You can accept all of the caveats of this disappointing growth report – it was a particularly cold winter in much of the country, much of the growth decline was due to a drop in exports and in reduced business investment – and still see in the report the bitter fruit of the refusal of conservatives in Congress and in the states to allow the investments working people and the economy as a whole need to get back on their feet.
Economic Policy Institute economist Josh Bivens wrote Thursday that "if one wanted to explain why the current recovery has been so anemic relative to previous recoveries," all you have to do is look at economic data that shows that "essentially the entire gap in GDP growth between the current recovery and historical averages can be explained by the contraction in government spending" between 2010 and 2013 – a contraction at the behest of conservatives in Congress.

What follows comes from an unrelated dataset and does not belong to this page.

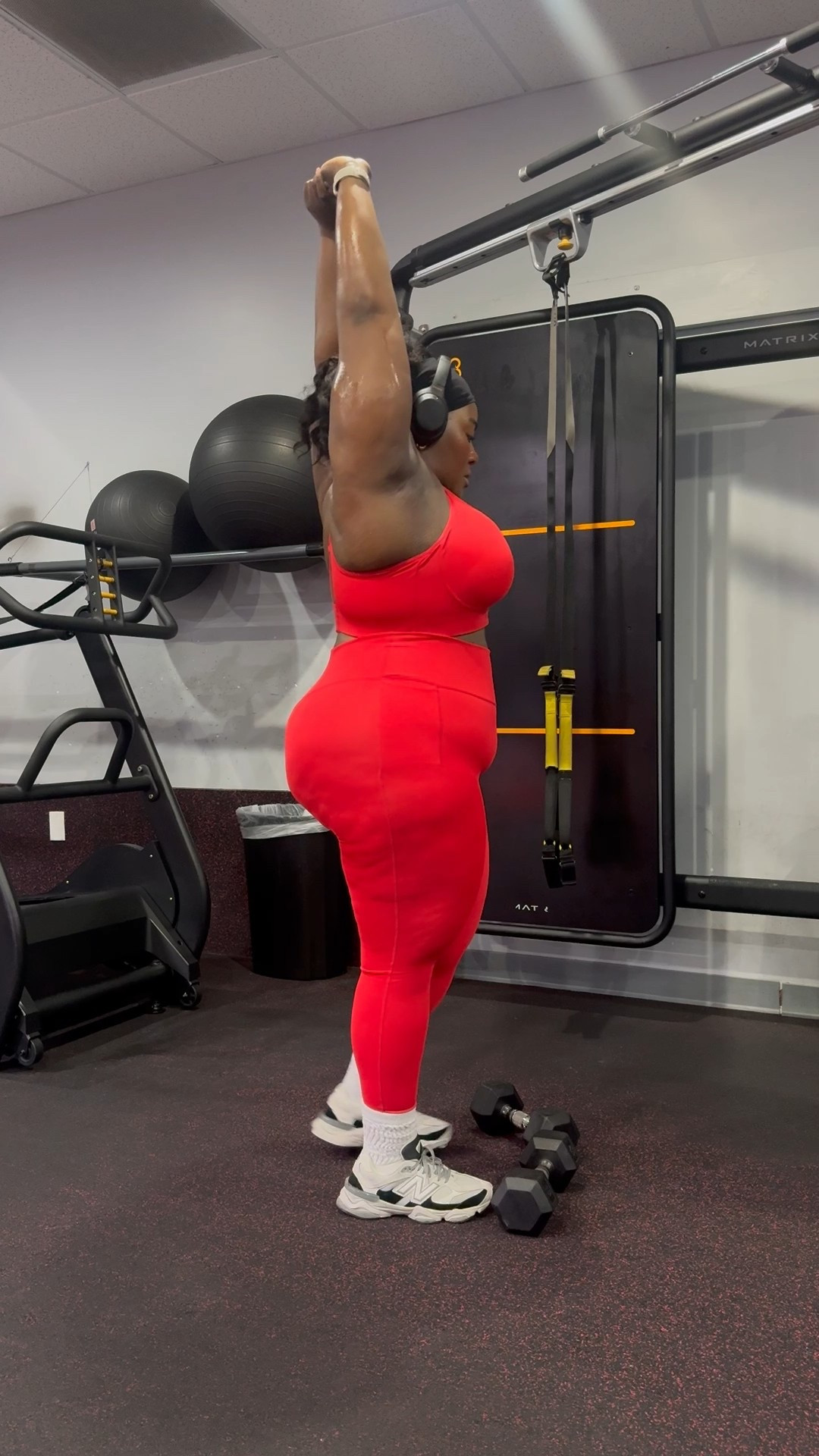 I always feel so strong when I wear red to the gym - testing out a new workout set and she did so good during this full body day 

top 2X DF
leggings XL


#LTKPlusSize #LTKSaleAlert #LTKActive
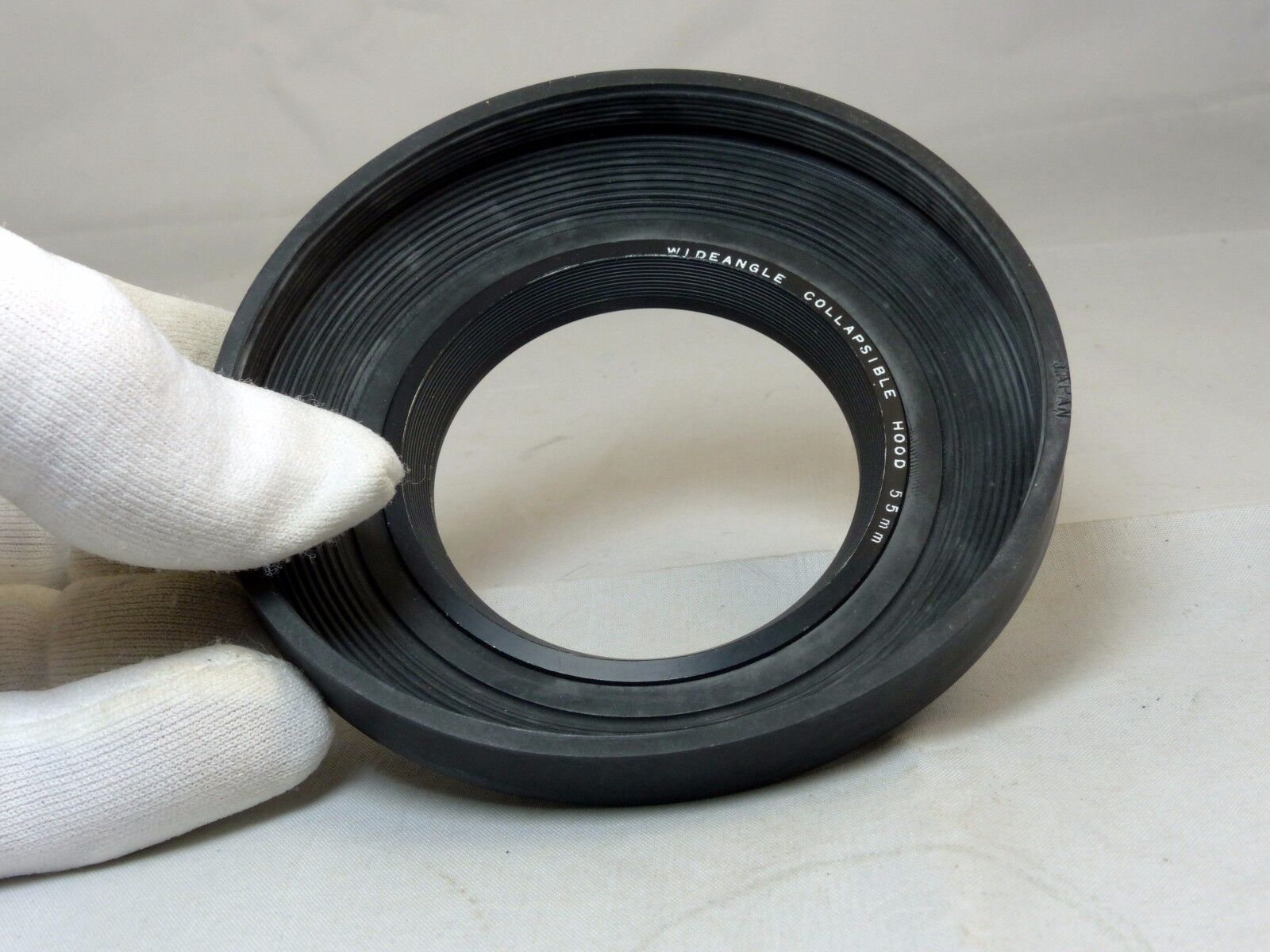 55mm rubber lens hood for wide angle  lenses collapsible vintage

Wages, of course, is also a big part of the story. After seeing average wages fall during the Great Recession, average hourly worker wages, adjusted for inflation, are back to where they were in 2009, as the recession was beginning. But that means that workers received none of the fruits of the productivity gains business experienced in the past six years; all of those gains went to the top 5 percent.
Recall that economists Thomas Piketty and Emmanuel Saez found that the top 1 percent pocketed 93 percent of the nation's income gains between 2009 and 2012.
This is not the stuff of a sustainable recovery, and it shows. Yet, congressional Republicans refuse to admit that they erred in not supporting measures that would move the country faster toward full employment, such as accelerated spending on infrastructure improvements and other public assets; renewable energy research, development and deployment; and aid to state and local governments to restore jobs of teachers, first responders and other essential public workers that were cut during the recession.
In fact, the recent House Republican embrace of the budget written by Rep. Paul Ryan represents a doubling down on a policy of enriching the rich and impoverishing everyone else. So will the expected full House vote in favor of a package of tax cuts that will add $310 billion to the deficit over the next 10 years. The willingness of House Republicans to push these tax cuts, many of which will primarily benefit big business, without regard to their impact on the nation's debt stands in sharp contrast to their refusal to consider an extension of unemployment benefits for the long-term jobless at only a fraction of that cost.
As job opportunities and wages continue to be weak for working-class people, President Obama and Democrats are taking the blame in opinion polls. The truth, of course, is this is not the economy of President Obama and certainly not the economy of progressive Democrats. This is an economy shaped by Republican gridlock, the sum total of deep-sixed attempts to rebuild the middle class and forced compromises.
On Friday we're likely to see more evidence in the monthly jobs report from the Bureau of Labor Statistics. Even if the headline appears positive – job growth for the month of March exceeding 200,000, perhaps – underneath the headline will be the truth of an economy performing far below its potential, and far below what ordinary people need in order to find good jobs at living wages. There is an even more urgent need to tell the real story of an American economy hobbled by conservatism and oligarchy, and to build an independent movement that advances a bold, progressive populist alternative.